**** Provided information ****

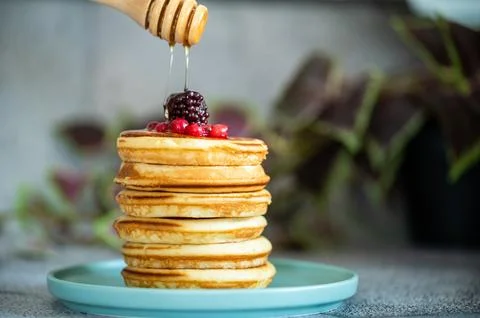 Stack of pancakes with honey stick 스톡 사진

****
**** Provided information ****

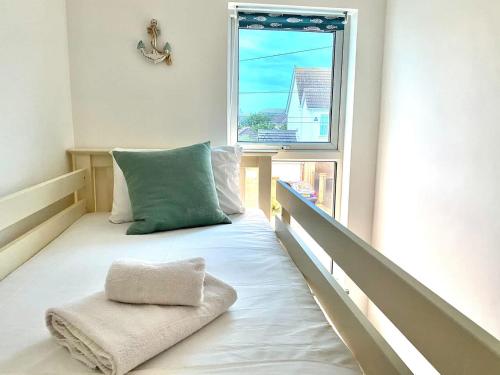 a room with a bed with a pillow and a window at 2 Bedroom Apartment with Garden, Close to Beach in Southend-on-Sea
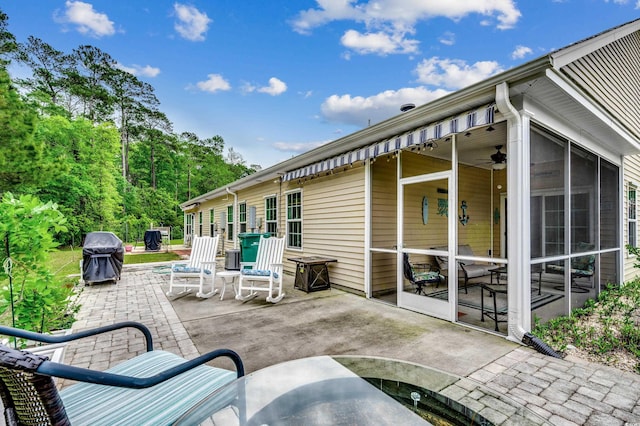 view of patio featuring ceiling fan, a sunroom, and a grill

****

What you should do
Output exactly the lines above that lie between the line with "a room with" and the line with "view of patio", those two lines included, and no pictures.

Result for this task
 a room with a bed with a pillow and a window at 2 Bedroom Apartment with Garden, Close to Beach in Southend-on-Sea
 view of patio featuring ceiling fan, a sunroom, and a grill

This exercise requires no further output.